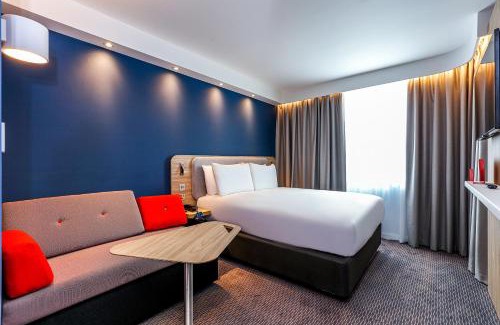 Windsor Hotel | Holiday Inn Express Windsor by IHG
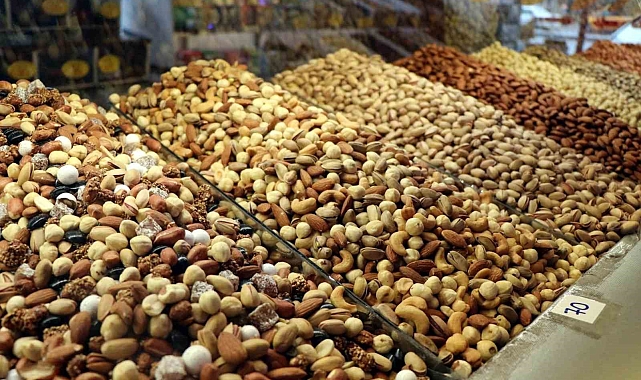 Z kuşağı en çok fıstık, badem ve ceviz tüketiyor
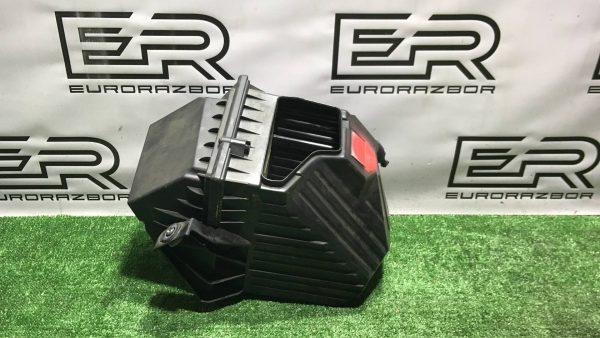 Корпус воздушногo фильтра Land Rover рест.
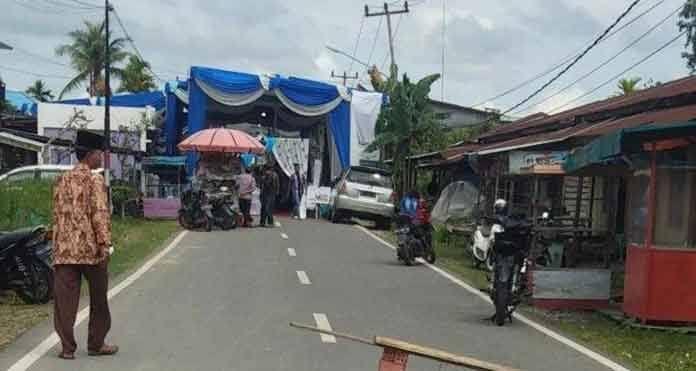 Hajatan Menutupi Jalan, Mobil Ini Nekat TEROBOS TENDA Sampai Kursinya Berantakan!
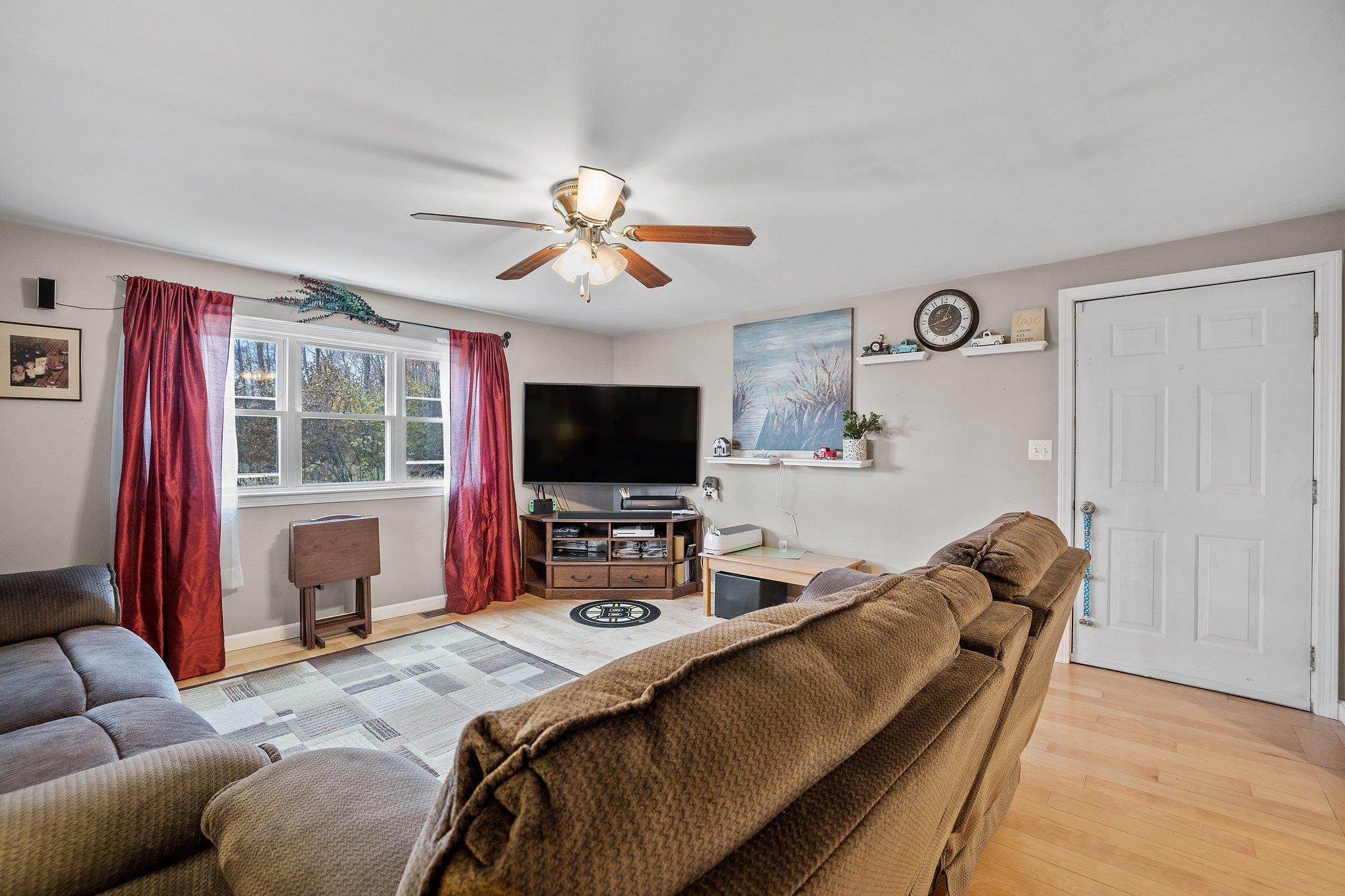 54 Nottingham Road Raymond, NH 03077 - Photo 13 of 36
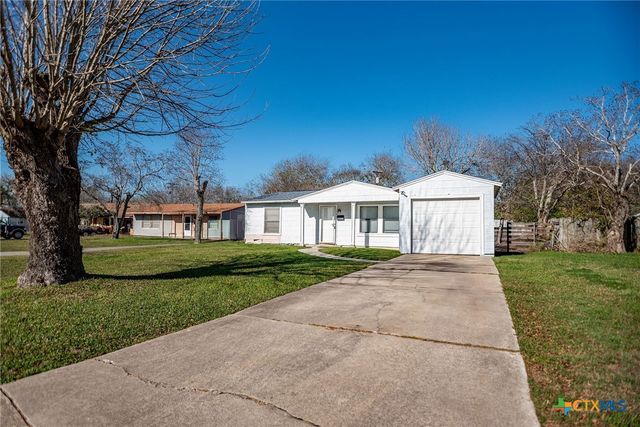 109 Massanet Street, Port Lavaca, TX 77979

Your assignment » Write out each line exactly, from the one containing "Z kuşağı en" through the end of the entries, and skip the pictures.

Result of the exercise »
 Z kuşağı en çok fıstık, badem ve ceviz tüketiyor
 Корпус воздушногo фильтра Land Rover рест.
 Hajatan Menutupi Jalan, Mobil Ini Nekat TEROBOS TENDA Sampai Kursinya Berantakan!
 54 Nottingham Road Raymond, NH 03077 - Photo 13 of 36
 109 Massanet Street, Port Lavaca, TX 77979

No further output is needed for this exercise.